Think about the greatest defensive players in NBA history. Who comes to mind?
Bill Russell? Hakeem Olajuwon? Dikembe Mutombo?
People usually rattle off the names of a few big men before they get to any perimeter defenders. Michael Jordan, Michael Cooper, Maurice Cheeks and LeBron James might come to mind. For the most part, much of the credit for elite defense goes to the man in the middle.
And Marcus Smart isn’t too crazy about that.
“I’m not taking anything from the bigs,” the Celtics guard told ESPN. “A vital part of the game is protecting the paint. But, as guards, we do a lot more before (our man) gets to the paint.”
It’s an intriguing debate Tim Bontemps explored in his piece on ESPN.com, in which he sought out some of the league’s best defenders to weigh in on whether big men or guards are more pivotal to a team’s defensive success.
One of those players, naturally, was Smart, the current betting favorite to win NBA Defensive Player of the Year. Yet despite what bookmakers think, Smart seems to feel his backcourt brethren get short shrift in the awards conversation.

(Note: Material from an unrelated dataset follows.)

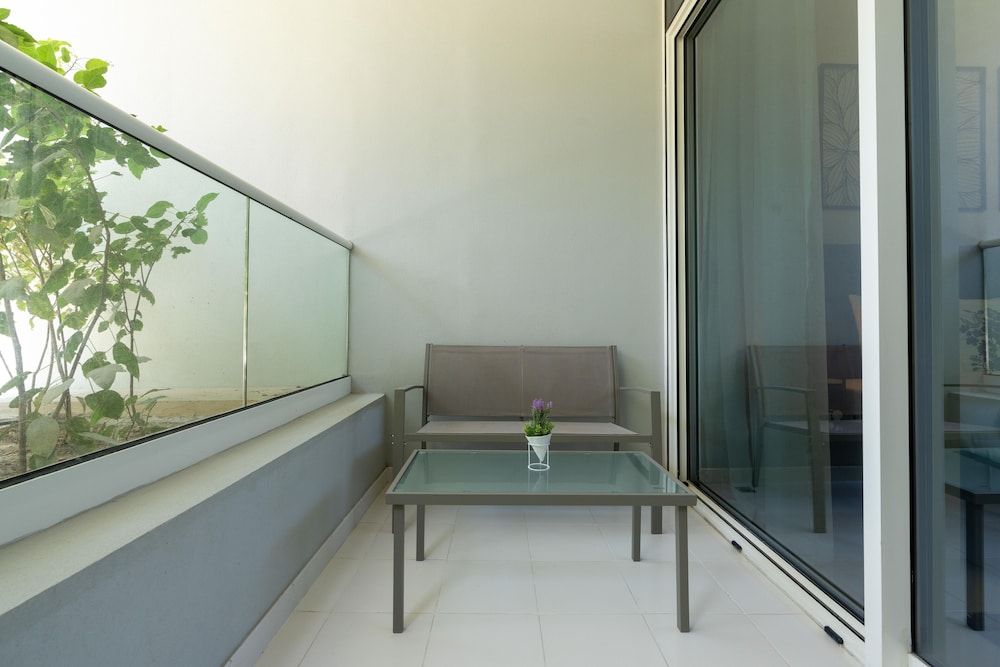 Whitesage - Stylish Apt With Balconies In The Heart of Dubai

Mr. Not-Taking-Anything-From-The-Bigs then proceeded to take something away from arguably the league’s preeminent defensive big man, Utah Jazz center Rudy Gobert.

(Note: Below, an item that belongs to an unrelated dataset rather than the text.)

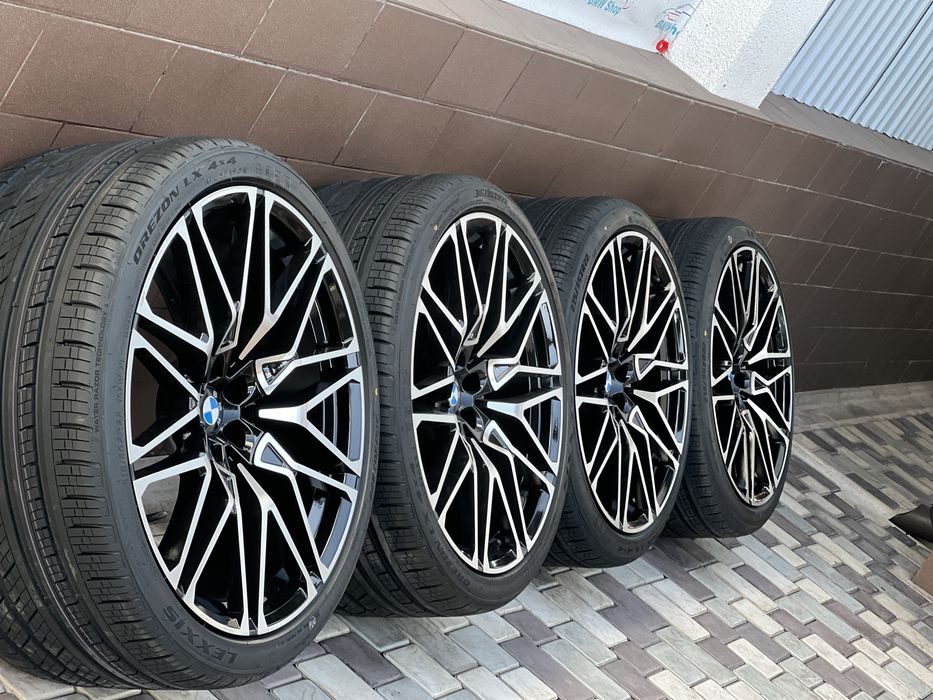 818 м стиль R22 от Bmw x5 G05 G06 новая всесезонная резина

“Nothing against Rudy, but Rudy can’t guard all five sports,” Smart told Bontemps. “I can guard all five spots and I have been doing it. I’ve done it very well.”

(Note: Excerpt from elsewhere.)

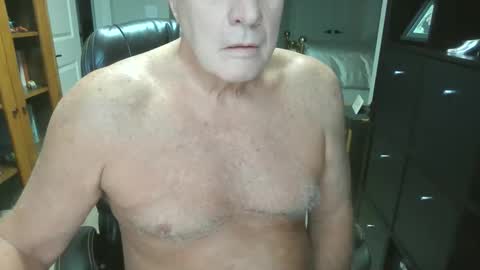 Snapshot of pleeeezeher chatting on 01/12/26, 08:03 pleeeezeher online show from 01/12/26, 08:03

Regardless of whether Smart actually defends all five positions, Philadelphia 76ers center and defensive cornerstone Joel Embiid unsurprisingly had a very different view.
“(Centers) call out all the coverages,” Embiid said, per ESPN.com. “They know what is going on. They call out the plays and stuff. That is the way it has always been. That’s why most of the defensive players of the year in the past have always been big.”
The retort to Embiid would be that just because something has been one way in the past, doesn’t mean it’s necessarily true. And the retort to Smart would be that, while Embiid or Gobert might not directly match up with players at all five positions, their presence in the middle influences every player on the court.
Whoever is right (Both? Neither?) it’s an interesting debate, made even more so by having two such vocal spokesmen on both sides to lead the argument for our enjoyment.